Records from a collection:
_ _ _

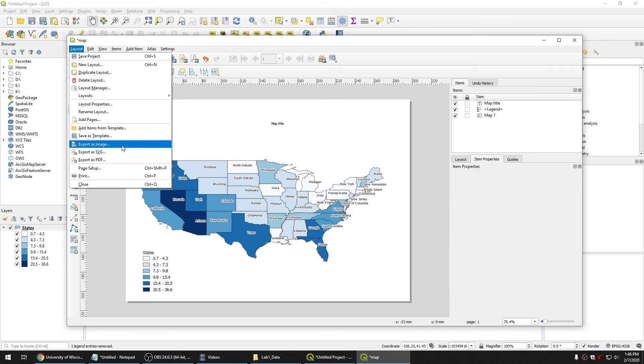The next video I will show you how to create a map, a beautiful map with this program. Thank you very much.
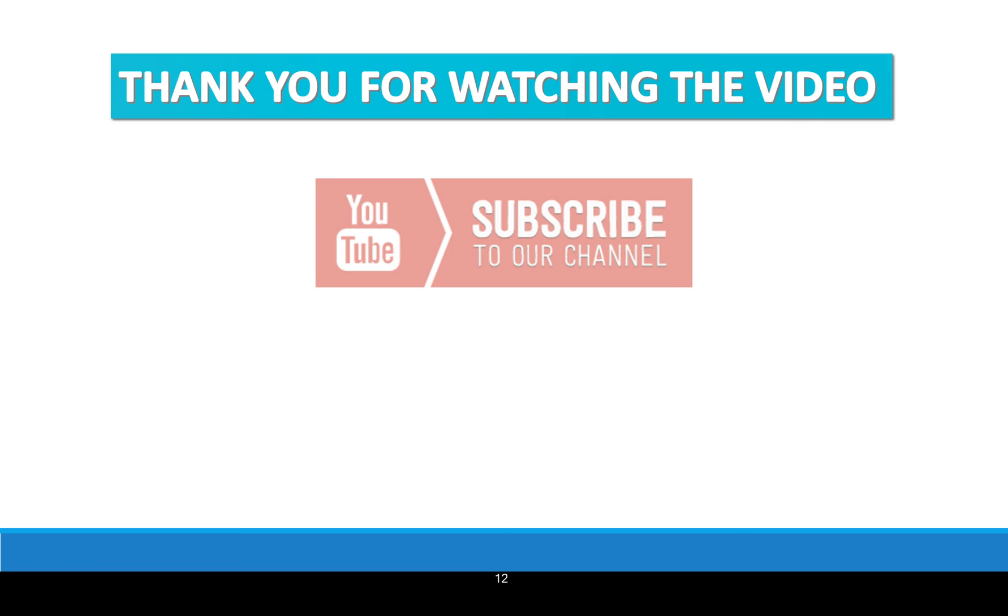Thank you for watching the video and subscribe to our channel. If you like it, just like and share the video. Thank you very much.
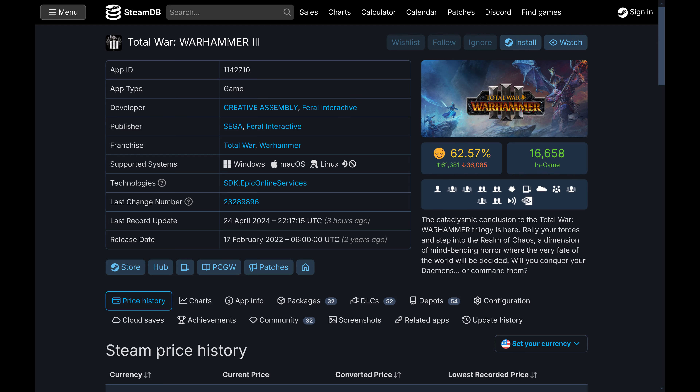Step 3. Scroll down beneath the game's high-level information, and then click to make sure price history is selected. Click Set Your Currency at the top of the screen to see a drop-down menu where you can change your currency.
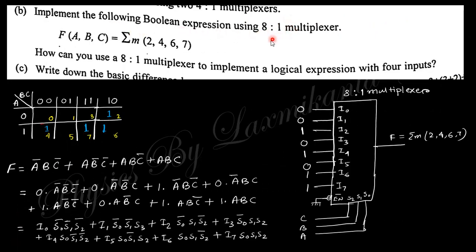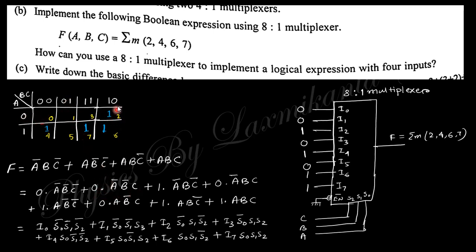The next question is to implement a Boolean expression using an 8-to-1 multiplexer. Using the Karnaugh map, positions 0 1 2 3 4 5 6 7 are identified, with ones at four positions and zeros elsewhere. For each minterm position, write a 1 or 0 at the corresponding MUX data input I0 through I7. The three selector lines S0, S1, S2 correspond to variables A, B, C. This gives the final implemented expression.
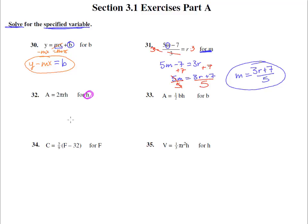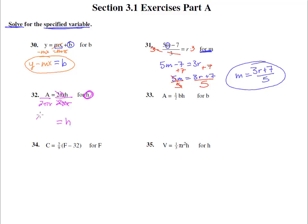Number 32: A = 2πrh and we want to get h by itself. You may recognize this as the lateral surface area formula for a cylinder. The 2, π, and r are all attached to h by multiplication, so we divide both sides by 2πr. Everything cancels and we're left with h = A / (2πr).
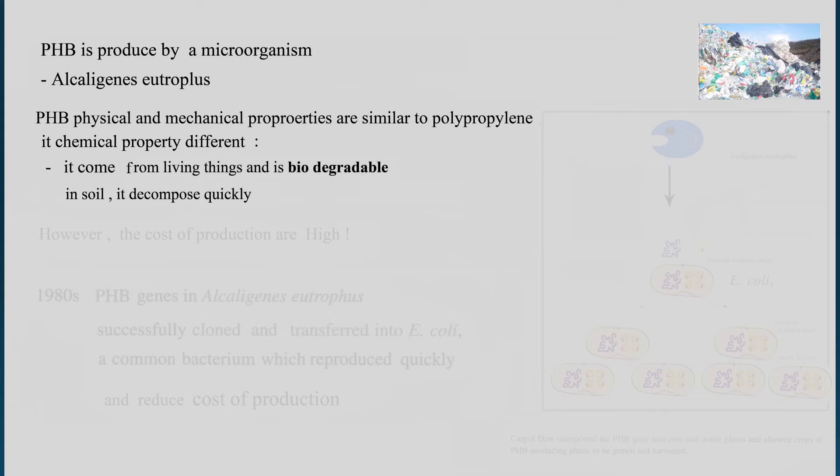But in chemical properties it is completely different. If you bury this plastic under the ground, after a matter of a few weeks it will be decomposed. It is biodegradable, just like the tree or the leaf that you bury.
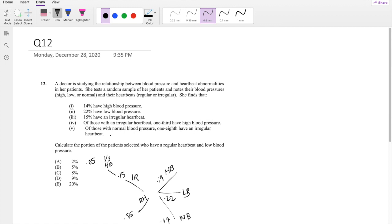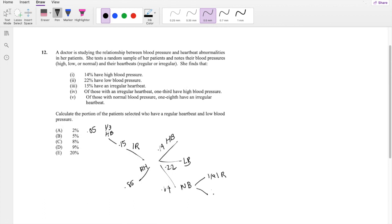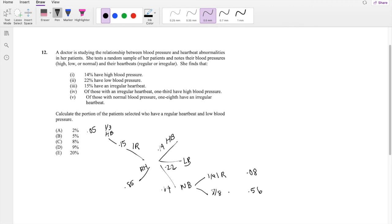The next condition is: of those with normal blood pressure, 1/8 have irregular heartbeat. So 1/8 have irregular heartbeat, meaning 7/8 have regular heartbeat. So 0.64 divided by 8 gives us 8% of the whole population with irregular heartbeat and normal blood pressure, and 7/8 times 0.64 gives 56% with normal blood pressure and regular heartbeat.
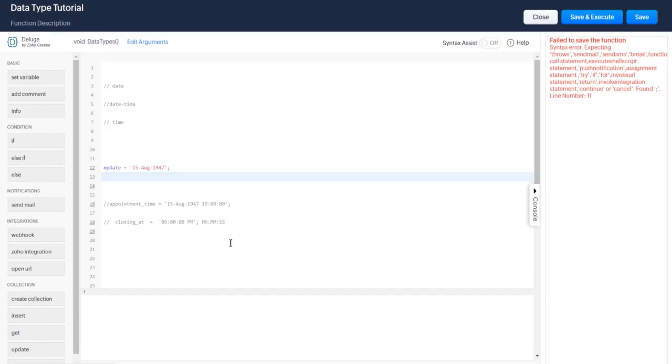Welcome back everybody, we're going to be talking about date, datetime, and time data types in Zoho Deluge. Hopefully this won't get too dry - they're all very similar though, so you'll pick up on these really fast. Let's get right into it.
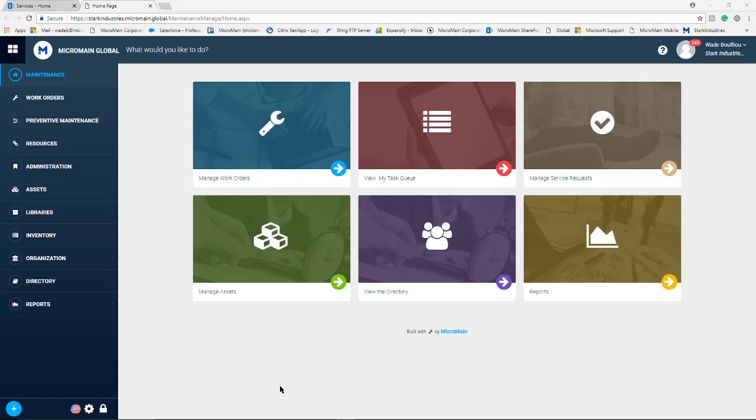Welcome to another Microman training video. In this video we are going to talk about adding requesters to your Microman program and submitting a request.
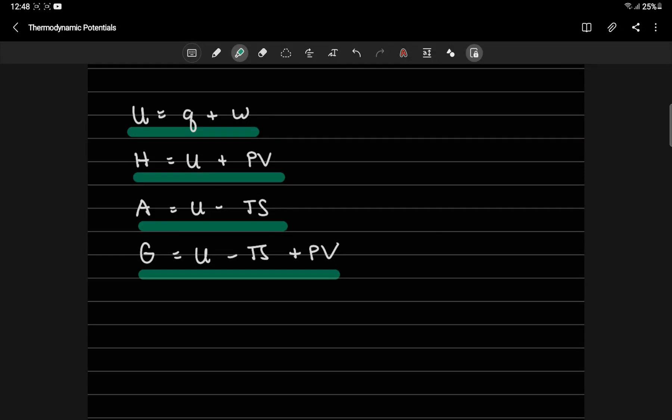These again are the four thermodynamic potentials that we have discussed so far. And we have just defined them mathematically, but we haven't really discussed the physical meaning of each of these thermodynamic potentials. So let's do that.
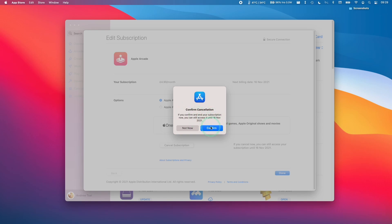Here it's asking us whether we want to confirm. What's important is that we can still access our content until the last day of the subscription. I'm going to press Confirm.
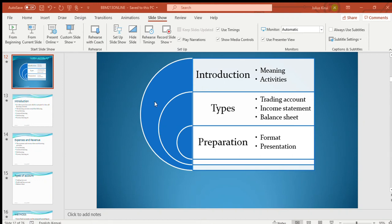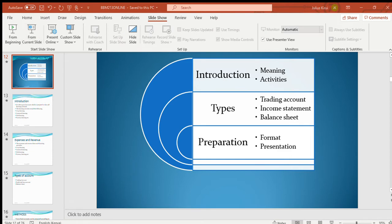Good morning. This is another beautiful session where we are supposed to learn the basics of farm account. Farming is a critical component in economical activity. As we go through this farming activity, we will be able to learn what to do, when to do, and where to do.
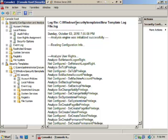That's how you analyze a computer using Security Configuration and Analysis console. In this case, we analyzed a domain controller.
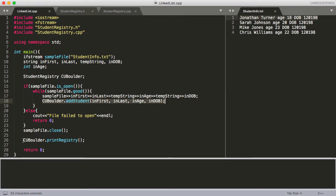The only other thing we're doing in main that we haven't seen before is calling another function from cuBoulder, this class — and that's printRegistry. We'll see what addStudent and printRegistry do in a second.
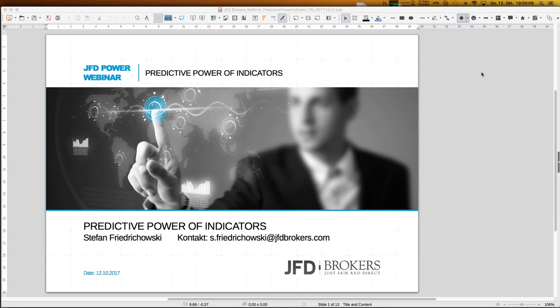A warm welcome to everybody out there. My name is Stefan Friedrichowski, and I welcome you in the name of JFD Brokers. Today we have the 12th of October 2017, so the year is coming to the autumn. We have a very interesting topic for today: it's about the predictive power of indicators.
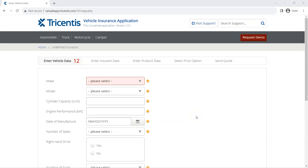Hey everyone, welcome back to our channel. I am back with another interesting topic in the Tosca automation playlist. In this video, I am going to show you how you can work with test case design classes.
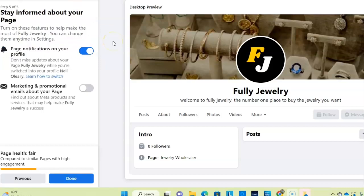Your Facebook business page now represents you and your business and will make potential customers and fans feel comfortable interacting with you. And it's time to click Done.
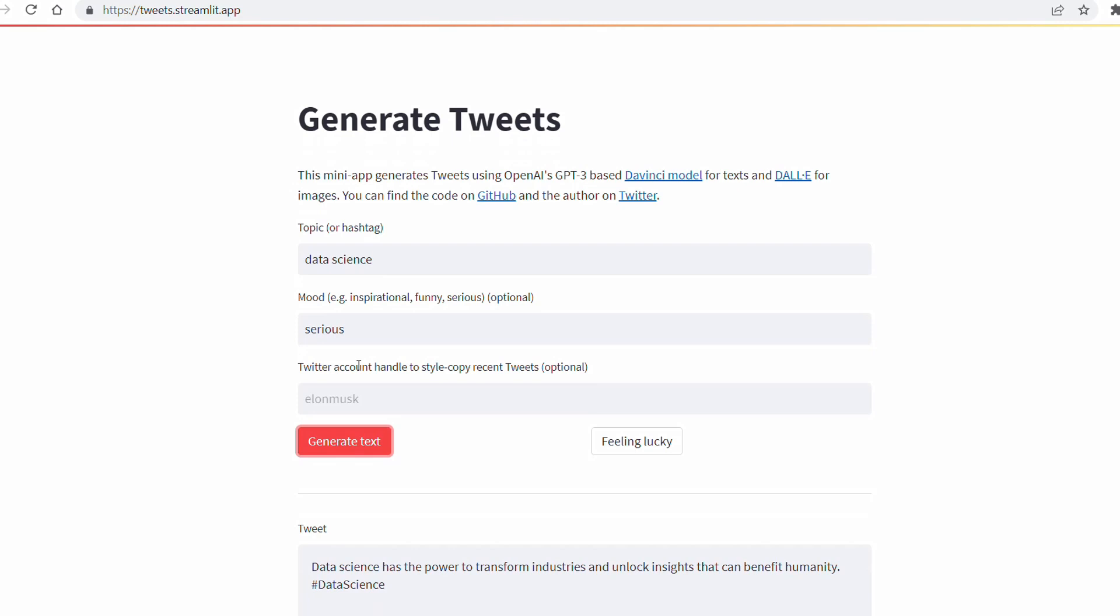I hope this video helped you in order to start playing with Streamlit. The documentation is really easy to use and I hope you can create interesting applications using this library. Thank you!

_ _ _

▸ **WHAT THIS TASK INVOLVES**:
Could you output every entry exactly as written, skipping the pictures?

▸ **SOLUTION FOR THIS EXERCISE**:
The next video I will show you how to create a map, a beautiful map with this program. Thank you very much.
Thank you for watching the video and subscribe to our channel. If you like it, just like and share the video. Thank you very much.
Step 3. Scroll down beneath the game's high-level information, and then click to make sure price history is selected. Click Set Your Currency at the top of the screen to see a drop-down menu where you can change your currency.
The next question is to implement a Boolean expression using an 8-to-1 multiplexer. Using the Karnaugh map, positions 0 1 2 3 4 5 6 7 are identified, with ones at four positions and zeros elsewhere. For each minterm position, write a 1 or 0 at the corresponding MUX data input I0 through I7. The three selector lines S0, S1, S2 correspond to variables A, B, C. This gives the final implemented expression.
Number 32: A = 2πrh and we want to get h by itself. You may recognize this as the lateral surface area formula for a cylinder. The 2, π, and r are all attached to h by multiplication, so we divide both sides by 2πr. Everything cancels and we're left with h = A / (2πr).
But in chemical properties it is completely different. If you bury this plastic under the ground, after a matter of a few weeks it will be decomposed. It is biodegradable, just like the tree or the leaf that you bury.
The next condition is: of those with normal blood pressure, 1/8 have irregular heartbeat. So 1/8 have irregular heartbeat, meaning 7/8 have regular heartbeat. So 0.64 divided by 8 gives us 8% of the whole population with irregular heartbeat and normal blood pressure, and 7/8 times 0.64 gives 56% with normal blood pressure and regular heartbeat.
Welcome back everybody, we're going to be talking about date, datetime, and time data types in Zoho Deluge. Hopefully this won't get too dry - they're all very similar though, so you'll pick up on these really fast. Let's get right into it.
Welcome to another Microman training video. In this video we are going to talk about adding requesters to your Microman program and submitting a request.
These again are the four thermodynamic potentials that we have discussed so far. And we have just defined them mathematically, but we haven't really discussed the physical meaning of each of these thermodynamic potentials. So let's do that.
Here it's asking us whether we want to confirm. What's important is that we can still access our content until the last day of the subscription. I'm going to press Confirm.
Good morning. This is another beautiful session where we are supposed to learn the basics of farm account. Farming is a critical component in economical activity. As we go through this farming activity, we will be able to learn what to do, when to do, and where to do.
That's how you analyze a computer using Security Configuration and Analysis console. In this case, we analyzed a domain controller.
The only other thing we're doing in main that we haven't seen before is calling another function from cuBoulder, this class — and that's printRegistry. We'll see what addStudent and printRegistry do in a second.
A warm welcome to everybody out there. My name is Stefan Friedrichowski, and I welcome you in the name of JFD Brokers. Today we have the 12th of October 2017, so the year is coming to the autumn. We have a very interesting topic for today: it's about the predictive power of indicators.
Hey everyone, welcome back to our channel. I am back with another interesting topic in the Tosca automation playlist. In this video, I am going to show you how you can work with test case design classes.
Your Facebook business page now represents you and your business and will make potential customers and fans feel comfortable interacting with you. And it's time to click Done.
I hope this video helped you in order to start playing with Streamlit. The documentation is really easy to use and I hope you can create interesting applications using this library. Thank you!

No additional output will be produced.